■ **Work to complete**: The answer must be an exact copy of the lines from the one with "1/4 CT. T.w." through the final line of the records below, with no pictures.

■ **Provided information**:

*****

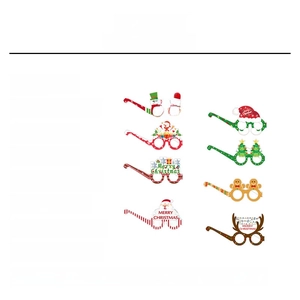 Detailed specs of 8-piece Christmas paper glasses set for festive party decorations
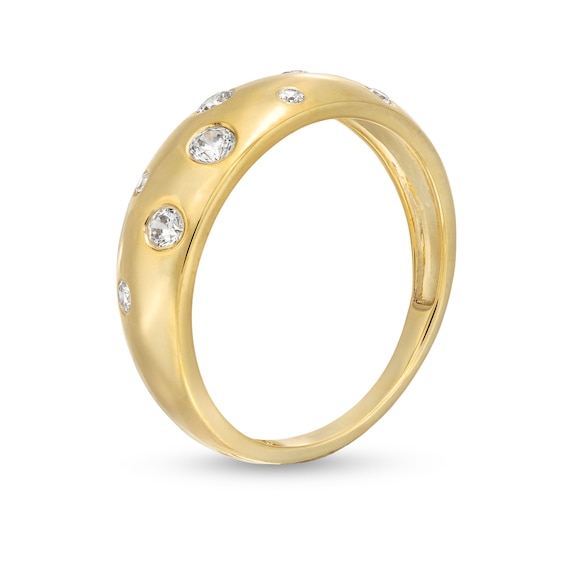 1/4 CT. T.w. Diamond Bubbles Band in 10K Gold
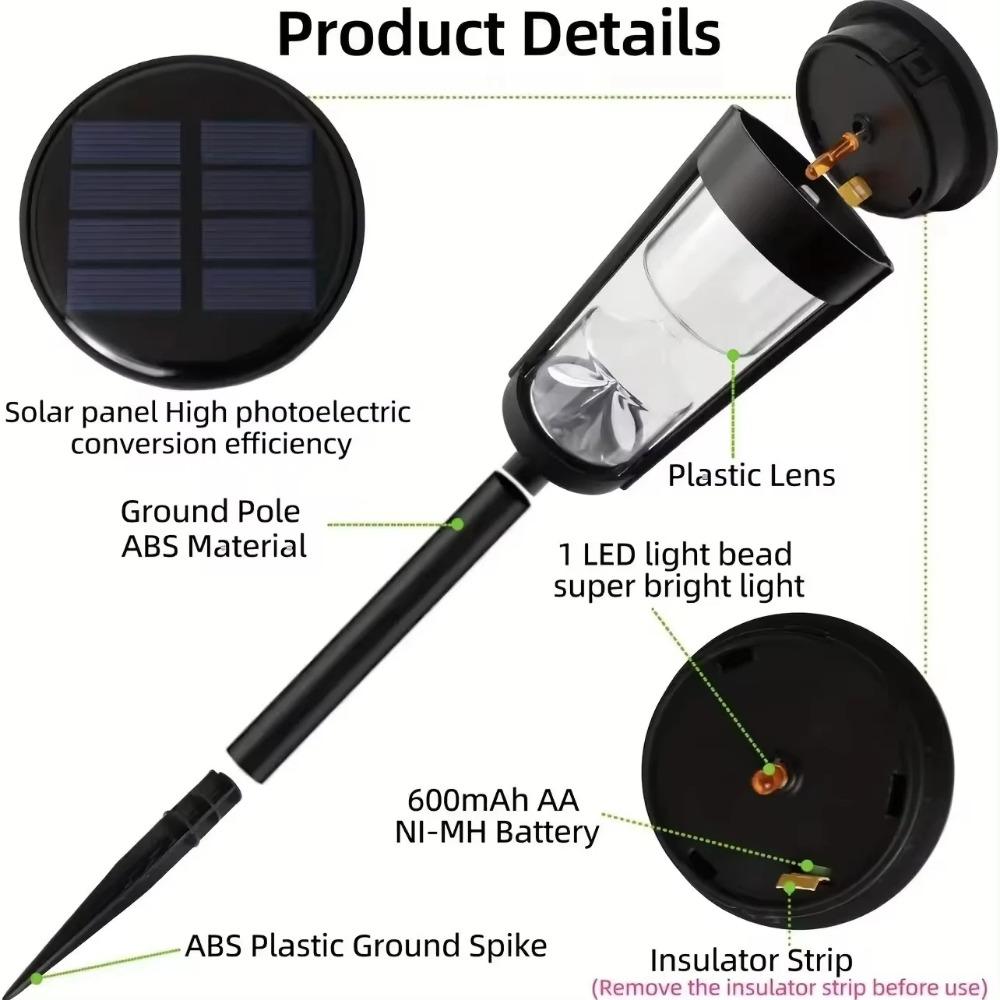 4000mAh Solar-Sanduhr-Rasenlampe IP65 Wasserdichter Garten Blinkendes LED-Landschaftslicht für die Beleuchtung der Außenterrasse Erdungssteckerlampe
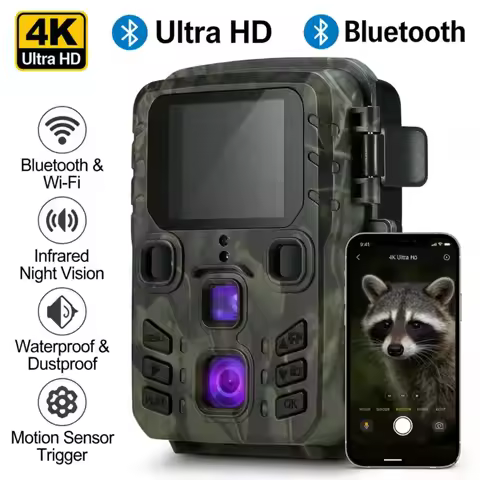 4K 50MP WIFI Live Stream Hunting Camera Live Broadcast Trail Camera APP Bluetooth Infrared Night Vis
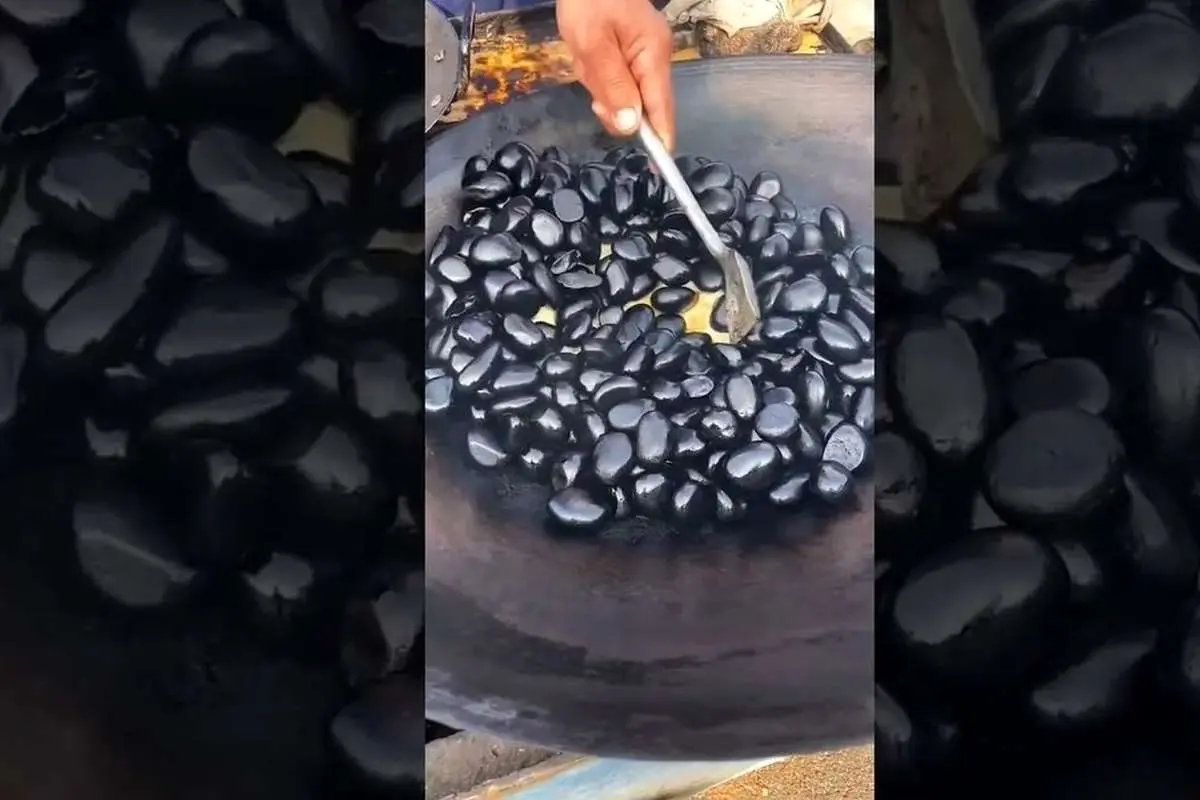 (ویدئو) ببینید چینیها به چه شکلی نان سنگک میپزند!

*****

■ **Solution to the problem**:
 1/4 CT. T.w. Diamond Bubbles Band in 10K Gold
 4000mAh Solar-Sanduhr-Rasenlampe IP65 Wasserdichter Garten Blinkendes LED-Landschaftslicht für die Beleuchtung der Außenterrasse Erdungssteckerlampe
 4K 50MP WIFI Live Stream Hunting Camera Live Broadcast Trail Camera APP Bluetooth Infrared Night Vis
 (ویدئو) ببینید چینیها به چه شکلی نان سنگک میپزند!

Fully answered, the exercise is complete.